Actually, this grand effect derives from the dynamic possibilities of the material, which the producers of the film had the good sense to handle truthfully and artlessly. Asia, if not the darkest of the continents, is the greatest and the richest in mysterious meaning. These Frenchmen, traveling from Beirut to Pekin approximately along the route of Marco Polo, proceeds in business-like fashion, using powerful trucks with caterpillar treads in the rear, and yet they were ever sensitive to the appeal of the old and the unknown about them. There are moving shots of Oriental luxury and squalor as seen in Bagdad; then, as we penetrate deeper, there are wild, frenzied dances of the nomadic tribesmen; the ruined palace of the mighty Queen Zenobia; gaunt, starving Mongolians. The picture ends with a glimpse of voluptuous Indo-China, splendid brown bodies gliding across the views.
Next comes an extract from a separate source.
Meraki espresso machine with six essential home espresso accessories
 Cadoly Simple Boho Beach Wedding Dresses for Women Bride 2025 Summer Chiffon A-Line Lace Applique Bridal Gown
The most exciting scenes of all, however, are the result of a disappointment and a last minute change of plans. After full permission had been granted, the Soviet government decided nevertheless to prohibit the expedition's passing through Russia, and so it became necessary to cross the Himalayas. The trucks crept painfully over the narrow icy passes, and the photographers produced their masterpieces. The edge of the road would crumble into the valley below, and for agonizing seconds a truck would lurch and then hold. Sometimes the risk was too great, and there was no way through except by means of the infinitely wearisome process of pulling the cars apart and carrying them piece by piece across the apparent impasse.